_WHAT TO WORK ON_:
Your output should be the lines below from the one holding "Keter ALLIBERT 229230, Totem" through the one holding "Modern and stylish", transcribed exactly, with no pictures.

_INFORMATION SUPPLIED_:

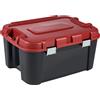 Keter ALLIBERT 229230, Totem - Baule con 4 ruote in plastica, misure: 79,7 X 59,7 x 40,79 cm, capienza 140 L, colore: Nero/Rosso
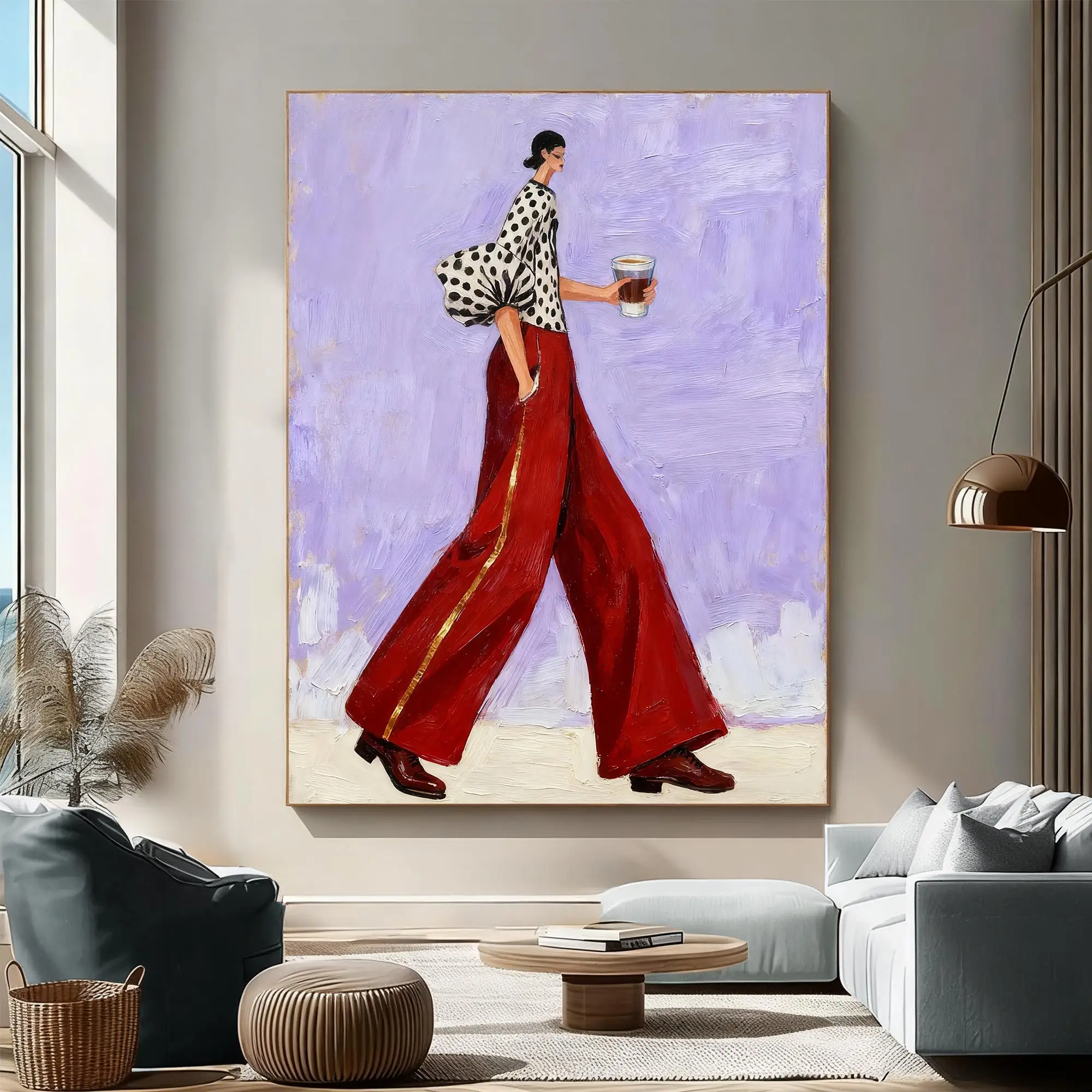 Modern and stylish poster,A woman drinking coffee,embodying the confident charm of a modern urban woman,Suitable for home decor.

* * *

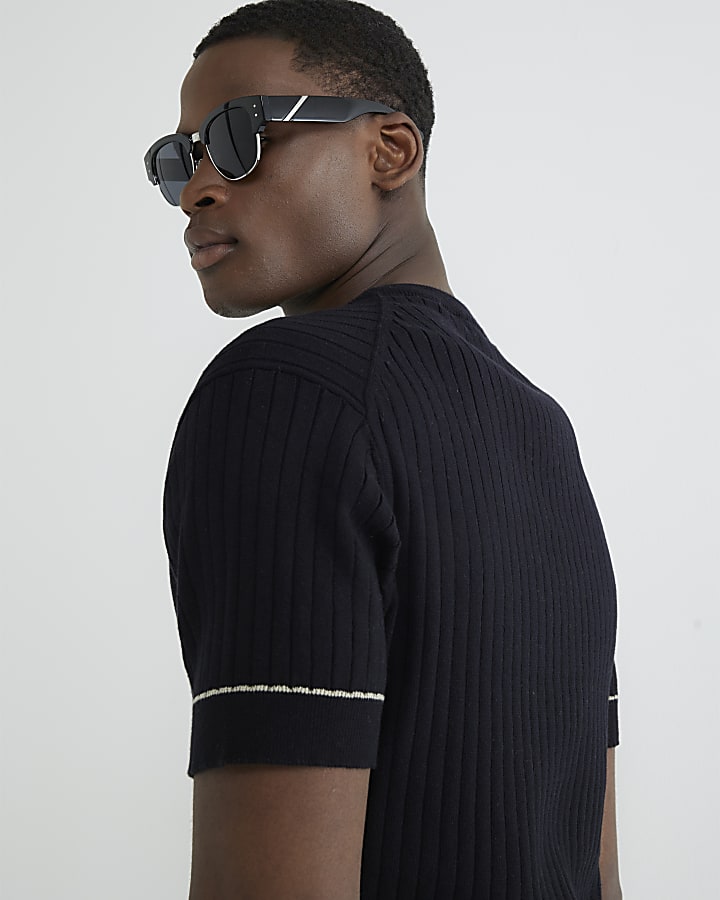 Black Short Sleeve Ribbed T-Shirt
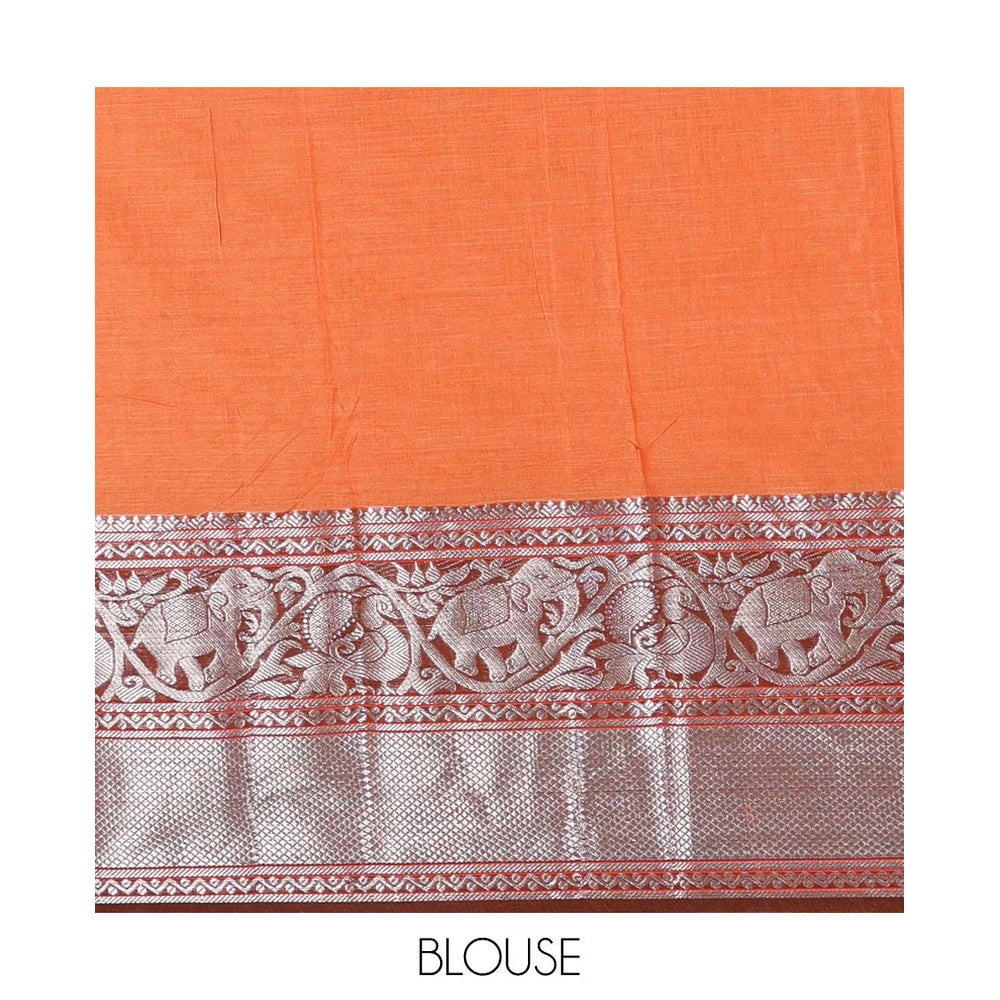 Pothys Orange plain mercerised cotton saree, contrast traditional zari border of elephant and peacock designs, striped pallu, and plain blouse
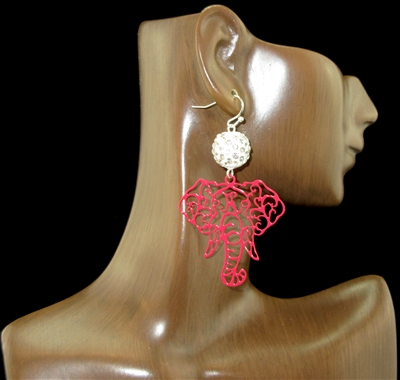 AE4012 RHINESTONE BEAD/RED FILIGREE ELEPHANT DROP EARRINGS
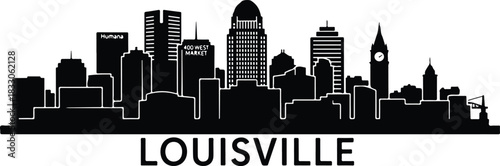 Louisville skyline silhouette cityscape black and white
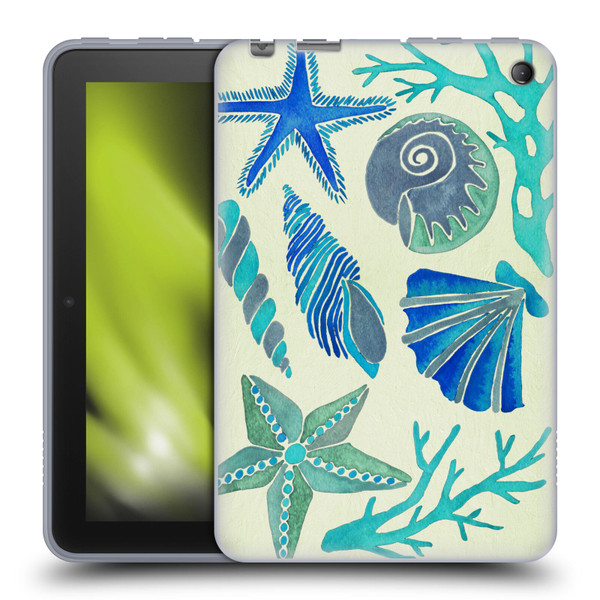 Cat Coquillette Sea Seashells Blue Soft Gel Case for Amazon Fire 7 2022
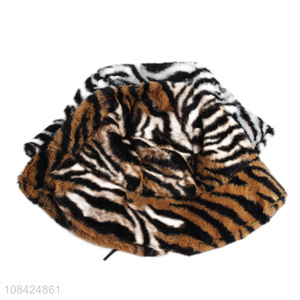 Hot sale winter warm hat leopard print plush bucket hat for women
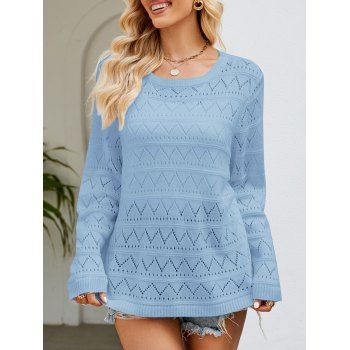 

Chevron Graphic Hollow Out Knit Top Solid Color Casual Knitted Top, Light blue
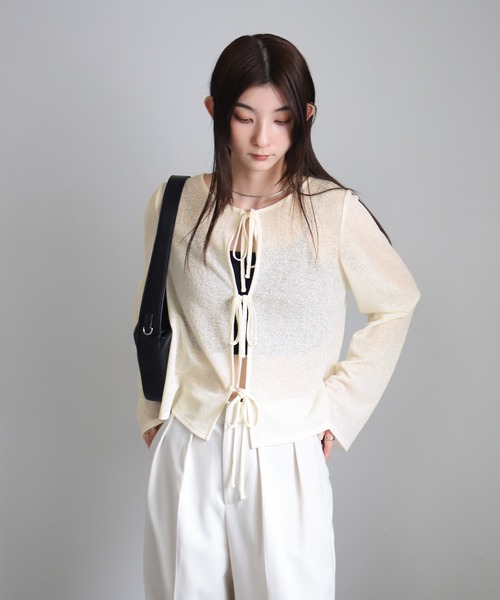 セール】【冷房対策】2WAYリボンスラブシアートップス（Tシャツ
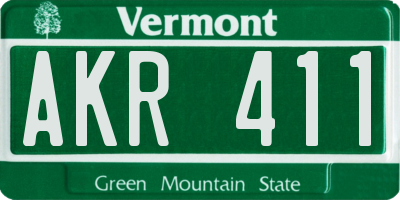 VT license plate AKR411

_RESULT OF THE TASK_:
 Keter ALLIBERT 229230, Totem - Baule con 4 ruote in plastica, misure: 79,7 X 59,7 x 40,79 cm, capienza 140 L, colore: Nero/Rosso
 Modern and stylish poster,A woman drinking coffee,embodying the confident charm of a modern urban woman,Suitable for home decor.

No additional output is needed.